Dihydroalprenolol
- Names: IUPAC name 1-(Isopropylamino)-3-(2-propylphenoxy)-2-propanol

Identifiers
- CAS Number: 60106-89-0;
- 3D model (JSmol): Interactive image;
- ChemSpider: 39384;
- PubChem CID: 43216;
- UNII: 2ZT5710I4T;
- CompTox Dashboard (EPA): DTXSID40866788 ;

Properties
- Chemical formula: C_{15}H_{25}NO_{2}
- Molar mass: 251.370 g·mol^{−1}

= Dihydroalprenolol =

Dihydroalprenolol (DHA) is a hydrogenated alprenolol derivative that acts as a beta-adrenergic blocker. When the extra hydrogen atoms are tritium, it is a radiolabeled form of alprenolol, which is used to label beta-adrenergic receptors for isolation.

== Physicochemical properties ==
It has a XLogP3 value of 3.4. Its hydrogen bond donor count is 2 and its hydrogen bond acceptor is 3. Its surface area is 41.5 Å² and has 18 heavy atoms.

== Use as research tool ==
In 1976, research conducted on rat and monkey brain membranes paved the road for research on dihydroalprenolol binding sites because it showed that dihydroalprenolol was able to label beta-adrenergic receptor sites with high affinity. In this way, research of dihydroalprenolol coupled with other co-factors became of interest for use in drug discovery In 1979, researchers were interested in seeing how dihydroalprenolol affected the body so they tested the amount of dihydroalprenolol within frogs and rats in vivo. Researchers found that the highest amounts of dihydroalprenolol were in the liver, followed by the lungs, kidneys, heart, adipose tissue, and brain respectively. In 1985, further research was done to analyze dihydroalprenolol activity in the human frontal cortex. Researchers found that dihydroalprenolol was most likely associated nonspecifically to membrane lipids because of it ability to bind to β-1 and β-2 receptors and a low-affinity site. In 1986, researchers hypothesized that there was a relationship between dihydroalprenolol and major depression. So they studied an olfactory bulbectomized rat model of major depression. Although dihydroalprenolol's binding in the midbrain was the same, there was an increased binding of 30% in the pons and 15% in the hippocampus. In 1989, researchers found that dihydroalprenolol had the ability to bind to 5-HT1 receptors in the brain, but only in specific conditions.

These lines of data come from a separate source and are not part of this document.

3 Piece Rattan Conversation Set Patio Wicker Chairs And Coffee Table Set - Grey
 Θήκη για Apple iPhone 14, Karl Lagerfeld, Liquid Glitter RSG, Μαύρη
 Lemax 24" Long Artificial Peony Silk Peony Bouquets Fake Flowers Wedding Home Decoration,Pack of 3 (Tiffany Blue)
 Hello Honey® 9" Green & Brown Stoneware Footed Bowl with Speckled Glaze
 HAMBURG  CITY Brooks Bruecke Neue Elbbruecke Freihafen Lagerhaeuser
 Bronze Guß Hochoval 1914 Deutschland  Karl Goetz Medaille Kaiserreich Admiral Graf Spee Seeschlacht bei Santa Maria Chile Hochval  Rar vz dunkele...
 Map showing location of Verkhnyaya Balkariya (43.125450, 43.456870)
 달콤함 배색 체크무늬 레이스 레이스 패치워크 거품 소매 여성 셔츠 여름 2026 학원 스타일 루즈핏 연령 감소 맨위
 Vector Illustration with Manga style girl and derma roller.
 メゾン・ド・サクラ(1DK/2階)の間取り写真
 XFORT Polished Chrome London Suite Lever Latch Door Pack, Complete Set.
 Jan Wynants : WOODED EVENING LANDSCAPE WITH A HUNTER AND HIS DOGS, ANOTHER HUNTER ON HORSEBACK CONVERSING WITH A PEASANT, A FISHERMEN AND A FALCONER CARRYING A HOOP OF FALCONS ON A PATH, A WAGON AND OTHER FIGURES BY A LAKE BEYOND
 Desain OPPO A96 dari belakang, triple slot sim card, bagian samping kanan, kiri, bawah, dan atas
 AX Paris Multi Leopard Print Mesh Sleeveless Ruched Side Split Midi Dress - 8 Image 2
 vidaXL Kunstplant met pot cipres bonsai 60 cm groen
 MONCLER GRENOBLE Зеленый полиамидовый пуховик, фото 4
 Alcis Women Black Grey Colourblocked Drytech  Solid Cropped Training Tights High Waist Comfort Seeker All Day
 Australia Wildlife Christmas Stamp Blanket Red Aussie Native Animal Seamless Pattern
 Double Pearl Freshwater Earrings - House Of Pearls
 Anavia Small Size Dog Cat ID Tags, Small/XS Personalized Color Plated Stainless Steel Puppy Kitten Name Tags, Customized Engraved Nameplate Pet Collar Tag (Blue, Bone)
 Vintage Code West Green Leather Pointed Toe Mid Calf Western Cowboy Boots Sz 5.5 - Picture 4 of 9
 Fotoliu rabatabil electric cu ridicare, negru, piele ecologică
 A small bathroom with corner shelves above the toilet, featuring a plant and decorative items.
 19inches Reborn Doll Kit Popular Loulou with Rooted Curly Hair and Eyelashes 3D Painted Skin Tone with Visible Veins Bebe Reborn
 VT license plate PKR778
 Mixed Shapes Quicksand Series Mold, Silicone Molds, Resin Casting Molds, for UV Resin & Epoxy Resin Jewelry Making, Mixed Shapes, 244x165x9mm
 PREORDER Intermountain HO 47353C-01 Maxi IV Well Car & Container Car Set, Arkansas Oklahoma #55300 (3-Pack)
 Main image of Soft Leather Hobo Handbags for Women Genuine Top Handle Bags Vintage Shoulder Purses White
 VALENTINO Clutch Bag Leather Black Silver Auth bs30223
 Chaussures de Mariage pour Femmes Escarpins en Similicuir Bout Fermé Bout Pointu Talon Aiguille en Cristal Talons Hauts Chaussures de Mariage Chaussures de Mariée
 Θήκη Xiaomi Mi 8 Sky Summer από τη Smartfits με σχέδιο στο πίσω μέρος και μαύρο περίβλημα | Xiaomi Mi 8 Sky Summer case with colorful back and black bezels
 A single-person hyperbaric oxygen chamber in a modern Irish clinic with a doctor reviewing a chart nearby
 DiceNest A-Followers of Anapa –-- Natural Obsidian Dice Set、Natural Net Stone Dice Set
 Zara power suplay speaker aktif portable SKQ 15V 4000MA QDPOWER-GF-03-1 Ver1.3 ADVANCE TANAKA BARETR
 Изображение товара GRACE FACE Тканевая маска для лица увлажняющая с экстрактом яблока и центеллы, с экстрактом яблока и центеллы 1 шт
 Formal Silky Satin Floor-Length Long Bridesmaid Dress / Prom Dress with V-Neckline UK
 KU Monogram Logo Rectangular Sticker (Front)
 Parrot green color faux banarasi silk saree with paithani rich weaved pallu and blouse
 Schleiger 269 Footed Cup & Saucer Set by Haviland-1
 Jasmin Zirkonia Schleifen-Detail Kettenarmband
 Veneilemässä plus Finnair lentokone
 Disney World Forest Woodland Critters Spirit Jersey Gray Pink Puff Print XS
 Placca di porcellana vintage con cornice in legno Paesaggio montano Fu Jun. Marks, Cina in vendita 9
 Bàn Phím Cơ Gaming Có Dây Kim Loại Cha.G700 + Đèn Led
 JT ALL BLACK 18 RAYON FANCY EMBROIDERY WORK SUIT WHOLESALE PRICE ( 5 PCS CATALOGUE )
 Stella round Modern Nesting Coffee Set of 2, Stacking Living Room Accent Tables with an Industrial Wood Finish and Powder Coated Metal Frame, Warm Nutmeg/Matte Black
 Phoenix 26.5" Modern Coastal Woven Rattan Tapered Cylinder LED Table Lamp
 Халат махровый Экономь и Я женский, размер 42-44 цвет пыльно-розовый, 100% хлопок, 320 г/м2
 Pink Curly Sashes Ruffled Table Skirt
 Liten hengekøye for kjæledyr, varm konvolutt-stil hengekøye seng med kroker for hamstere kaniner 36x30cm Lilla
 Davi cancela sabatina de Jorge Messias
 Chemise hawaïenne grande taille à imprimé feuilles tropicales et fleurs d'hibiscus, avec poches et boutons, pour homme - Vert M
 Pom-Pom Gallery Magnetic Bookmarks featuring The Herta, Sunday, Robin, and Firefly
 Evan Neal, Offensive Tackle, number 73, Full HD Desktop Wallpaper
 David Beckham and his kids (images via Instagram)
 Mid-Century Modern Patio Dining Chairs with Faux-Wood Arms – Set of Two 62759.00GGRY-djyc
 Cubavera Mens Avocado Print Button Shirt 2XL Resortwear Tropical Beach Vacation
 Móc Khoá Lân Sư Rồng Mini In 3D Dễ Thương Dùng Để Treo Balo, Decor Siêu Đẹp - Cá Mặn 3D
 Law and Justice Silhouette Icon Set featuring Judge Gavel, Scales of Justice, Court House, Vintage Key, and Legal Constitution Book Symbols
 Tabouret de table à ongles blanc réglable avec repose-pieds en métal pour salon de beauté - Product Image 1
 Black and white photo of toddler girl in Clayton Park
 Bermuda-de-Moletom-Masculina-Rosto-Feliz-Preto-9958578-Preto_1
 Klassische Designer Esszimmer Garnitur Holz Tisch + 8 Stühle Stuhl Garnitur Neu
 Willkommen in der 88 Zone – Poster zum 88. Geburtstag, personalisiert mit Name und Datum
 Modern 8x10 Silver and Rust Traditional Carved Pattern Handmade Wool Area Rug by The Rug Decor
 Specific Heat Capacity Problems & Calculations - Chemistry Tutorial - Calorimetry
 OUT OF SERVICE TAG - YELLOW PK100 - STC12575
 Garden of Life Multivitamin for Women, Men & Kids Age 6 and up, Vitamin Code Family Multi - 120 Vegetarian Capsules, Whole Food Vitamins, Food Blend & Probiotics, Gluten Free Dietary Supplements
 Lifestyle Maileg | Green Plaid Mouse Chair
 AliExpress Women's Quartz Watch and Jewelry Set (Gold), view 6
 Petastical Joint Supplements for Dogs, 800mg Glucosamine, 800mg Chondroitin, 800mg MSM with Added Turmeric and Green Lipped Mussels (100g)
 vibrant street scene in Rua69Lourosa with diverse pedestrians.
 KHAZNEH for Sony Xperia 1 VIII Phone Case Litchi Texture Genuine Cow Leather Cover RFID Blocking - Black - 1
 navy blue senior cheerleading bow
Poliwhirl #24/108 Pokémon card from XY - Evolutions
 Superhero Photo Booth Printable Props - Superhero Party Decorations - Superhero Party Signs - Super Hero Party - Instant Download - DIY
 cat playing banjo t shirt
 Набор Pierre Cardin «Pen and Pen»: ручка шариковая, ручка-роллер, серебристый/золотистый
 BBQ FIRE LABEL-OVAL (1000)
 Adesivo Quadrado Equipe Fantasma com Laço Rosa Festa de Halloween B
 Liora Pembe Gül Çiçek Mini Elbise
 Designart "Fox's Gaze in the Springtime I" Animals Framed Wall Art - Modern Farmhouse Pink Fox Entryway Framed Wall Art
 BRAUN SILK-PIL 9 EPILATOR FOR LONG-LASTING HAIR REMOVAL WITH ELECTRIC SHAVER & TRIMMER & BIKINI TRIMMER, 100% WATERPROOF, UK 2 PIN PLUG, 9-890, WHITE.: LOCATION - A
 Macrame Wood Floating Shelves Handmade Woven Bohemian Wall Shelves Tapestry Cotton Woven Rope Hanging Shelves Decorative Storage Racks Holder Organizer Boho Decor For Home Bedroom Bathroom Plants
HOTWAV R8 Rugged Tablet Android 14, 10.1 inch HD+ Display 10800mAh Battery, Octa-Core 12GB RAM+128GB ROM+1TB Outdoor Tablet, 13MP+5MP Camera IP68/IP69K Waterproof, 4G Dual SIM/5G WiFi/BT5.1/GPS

=== Beta 3 adrenoceptor ===
3H-dihydroalprenolol is typically used as a ligand when researching beta-adrenoceptor binding assay in rat brains. It allows researchers to analyze the binding characteristics of 3H-dihydroalprenolol. Some key findings were within the β-adrenoceptor molecule. In this molecule, carbohydrate moieties of the cell surface likely play an important part in the drug-receptor interaction. In this way, β-adrenoceptor molecule is likely a glycoprotein that has N-linked carbohydrate chains. The binding characteristics of 3H-dihydroalprenolol also allowed researchers to understand the importance of anionic and cationic charges of glycocalyx, phospholipid or protein in rat brains. This was discovered by analyzing the relationship between polymeric effectors, DNA, heparin, polymyxin B, histone, gelatin, colominic acid and bovine serum albumin (BSA) and the affinity of β-adrenoceptor.

=== Adenylate cyclase ===
The binding characteristic of 3H-dihydroalprenolol can be used to study heart disease. Research conducted on an isolated left atria of male Wistar rats, helped understand the relationship between polyamine modifying drugs and isoproterenol-elicited cardiotonic effect. When 3H-dihydroalprenolol bound to beta-adrenoceptors, putrescine resulted in increased adenylyl cyclase activity, consequently inducing a positive inotropism and increased intracellular cAMP. The binding characteristic of 3H-dihydroalprenolol can also be used to study tumor growth because tumor binding sites typically have high affinity for 3H-dihydroalprenolol. Different studies have indicated that adrenocortical carcinoma have beta-adrenergic receptor-binding sites that are not usually found in adrenal tissue membrane.